From the records that follow, copy every line in which "with" appears.
------------------------------
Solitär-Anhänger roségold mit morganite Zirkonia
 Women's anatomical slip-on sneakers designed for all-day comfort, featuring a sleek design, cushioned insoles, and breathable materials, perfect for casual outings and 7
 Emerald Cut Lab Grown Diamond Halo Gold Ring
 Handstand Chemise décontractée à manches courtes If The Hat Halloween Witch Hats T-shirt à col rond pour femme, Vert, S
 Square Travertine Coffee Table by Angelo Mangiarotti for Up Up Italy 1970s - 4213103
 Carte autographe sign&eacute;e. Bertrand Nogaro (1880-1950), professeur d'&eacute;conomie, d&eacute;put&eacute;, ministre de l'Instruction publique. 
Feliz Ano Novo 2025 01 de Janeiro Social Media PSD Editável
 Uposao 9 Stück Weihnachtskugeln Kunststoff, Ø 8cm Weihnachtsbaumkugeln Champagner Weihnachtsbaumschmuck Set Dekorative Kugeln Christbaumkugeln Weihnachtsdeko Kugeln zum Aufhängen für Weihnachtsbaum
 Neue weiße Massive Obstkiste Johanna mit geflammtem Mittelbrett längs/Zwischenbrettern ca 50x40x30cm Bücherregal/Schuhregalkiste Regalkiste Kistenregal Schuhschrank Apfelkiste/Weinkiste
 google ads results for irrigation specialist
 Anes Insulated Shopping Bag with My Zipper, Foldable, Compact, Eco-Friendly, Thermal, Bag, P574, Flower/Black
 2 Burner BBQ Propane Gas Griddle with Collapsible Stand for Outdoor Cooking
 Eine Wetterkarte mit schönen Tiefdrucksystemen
------------------------------
* RESULT
 Anes Insulated Shopping Bag with My Zipper, Foldable, Compact, Eco-Friendly, Thermal, Bag, P574, Flower/Black
 2 Burner BBQ Propane Gas Griddle with Collapsible Stand for Outdoor Cooking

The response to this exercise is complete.